Whenever two species in a balanced chemical equation share the exact same stoichiometric coefficient (here, both $\text{NH}_3$ and NO have a coefficient of 4), their absolute chemical rates of consumption and formation will always be identical!

Answer 1

The Correct Option is D

Step 1: Understanding the Question:
The question gives a balanced chemical equation for the oxidation of ammonia and provides the rate of formation of nitric oxide (NO).
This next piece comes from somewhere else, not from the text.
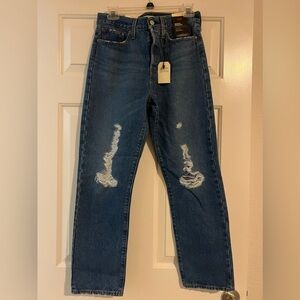 Wedgie straight Levi Jeans size 28 NWT
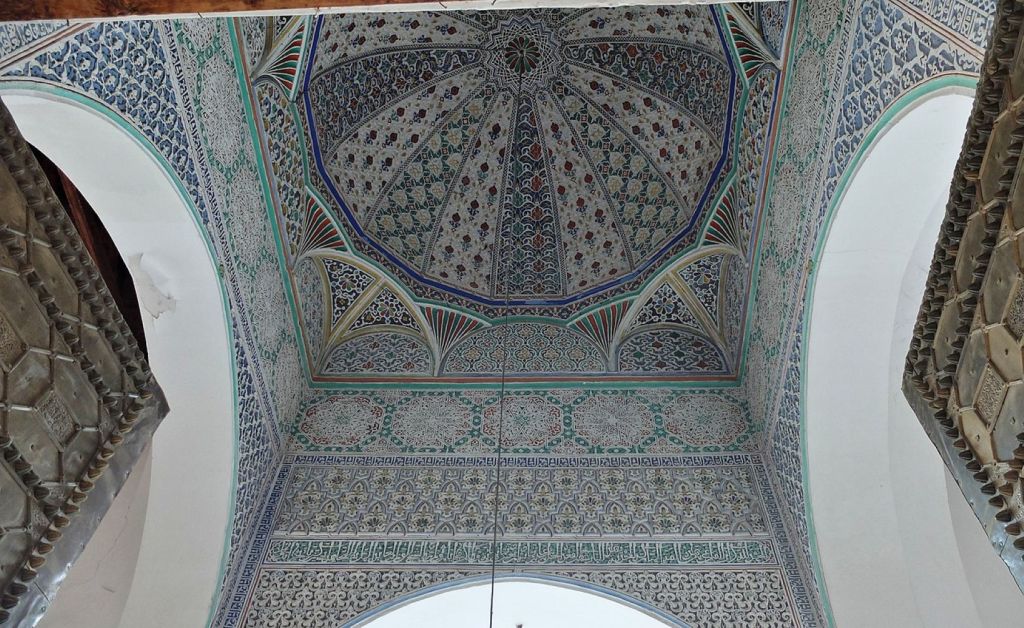 Bóveda con decoración islámica en Al-Qarawiyyin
We need to find the corresponding rate of disappearance of ammonia ($\text{NH}_3$).

Step 2: Key Formula or Approach:
From the principles of chemical kinetics, the overall rate of a reaction is related to the individual rates of consumption of reactants and formation of products divided by their respective stoichiometric coefficients:
$$\text{Rate} = -\frac{1}{4}\frac{\text{d}[\text{NH}_3]}{\text{d}t} = -\frac{1}{5}\frac{\text{d}[\text{O}_2]}{\text{d}t} = +\frac{1}{4}\frac{\text{d}[\text{NO}]}{\text{d}t} = +\frac{1}{6}\frac{\text{d}[\text{H}_2\text{O}]}{\text{d}t}$$

Step 3: Detailed Explanation:
Let's isolate the mathematical relationship connecting ammonia and nitric oxide from the main rate expression:
$$-\frac{1}{4}\frac{\text{d}[\text{NH}_3]}{\text{d}t} = +\frac{1}{4}\frac{\text{d}[\text{NO}]}{\text{d}t}$$ Multiply both sides of the equation by 4:
$$-\frac{\text{d}[\text{NH}_3]}{\text{d}t} = +\frac{\text{d}[\text{NO}]}{\text{d}t}$$ This equality tells us that the rate of disappearance of ammonia is perfectly equal to the rate of formation of nitric oxide.
Given that the rate of formation of NO is $3.6 \times 10^{-3}\ \text{mol\ L}^{-1}\text{s}^{-1}$, the rate of disappearance of $\text{NH}_3$ must also be exactly $3.6 \times 10^{-3}\ \text{mol\ L}^{-1}\text{s}^{-1}$. This matches option (D).

Step 4: Final Answer:
The rate of disappearance of ammonia is $3.6 \times 10^{-3}\ \text{mol\ L}^{-1}\text{s}^{-1}$, which corresponds to option (D).